INFORMATION PROVIDED below:
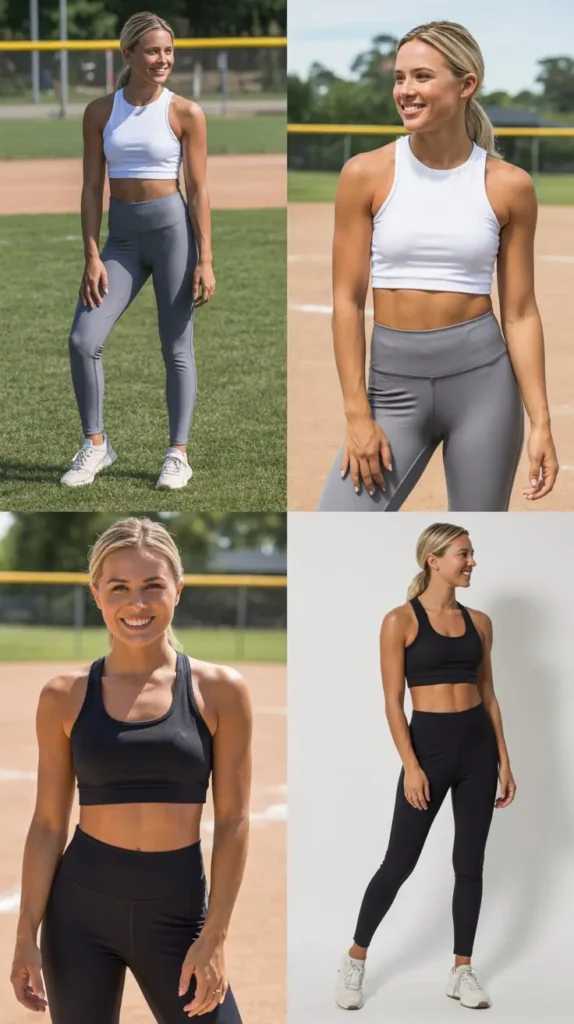 Sleeveless Crop Top with High-Waist Leggings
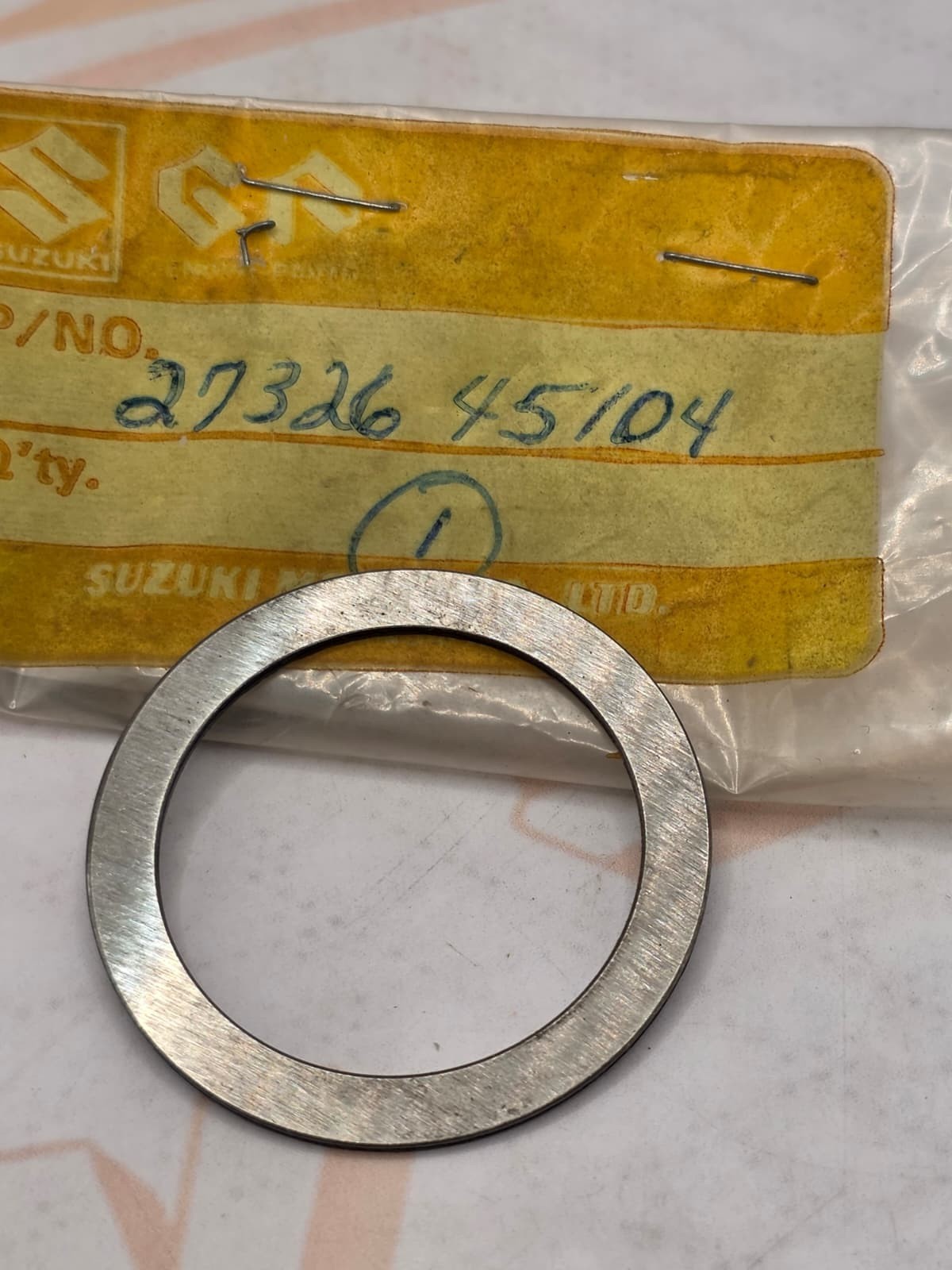 NOS Genuine Suzuki GS 850 1000 1100 GSX Final Drive Gear Shim OEM 27326-45104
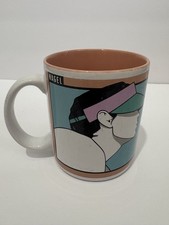 Vintage Patrick Nagel 1980s Coffee Mug Figi Graphics 1993 picture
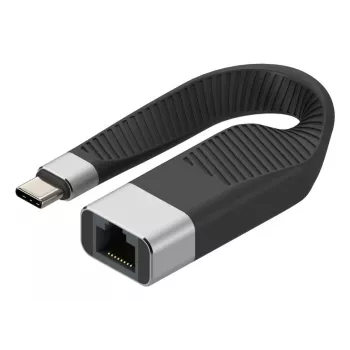 Techly ICOC USBC-RJ45 netwerkkabel zwart 0,144 m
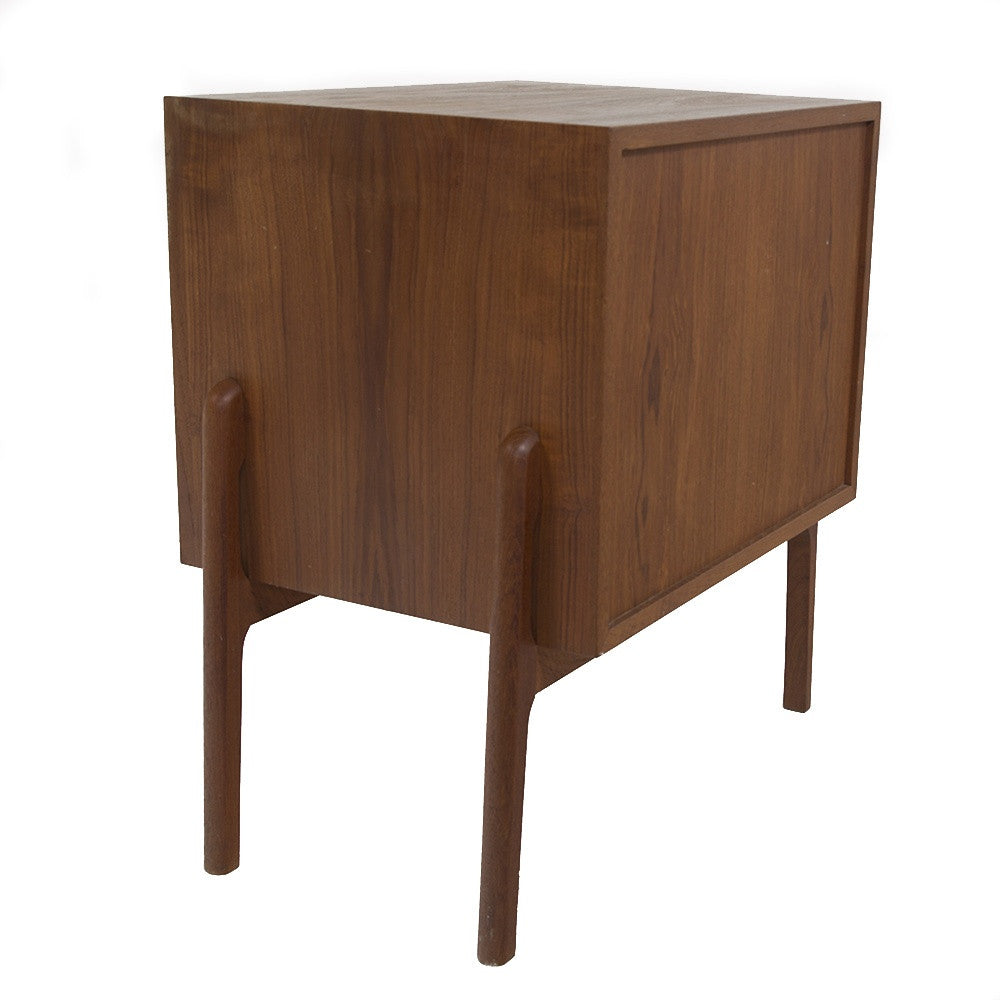 Checkered Wood End Table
End of INFORMATION PROVIDED.
REQUIREMENT: Print the whole listing again exactly, please. No pictures.

ANSWER TO THIS PROBLEM:
 Sleeveless Crop Top with High-Waist Leggings
 NOS Genuine Suzuki GS 850 1000 1100 GSX Final Drive Gear Shim OEM 27326-45104
 Vintage Patrick Nagel 1980s Coffee Mug Figi Graphics 1993 picture
 Techly ICOC USBC-RJ45 netwerkkabel zwart 0,144 m
 Checkered Wood End Table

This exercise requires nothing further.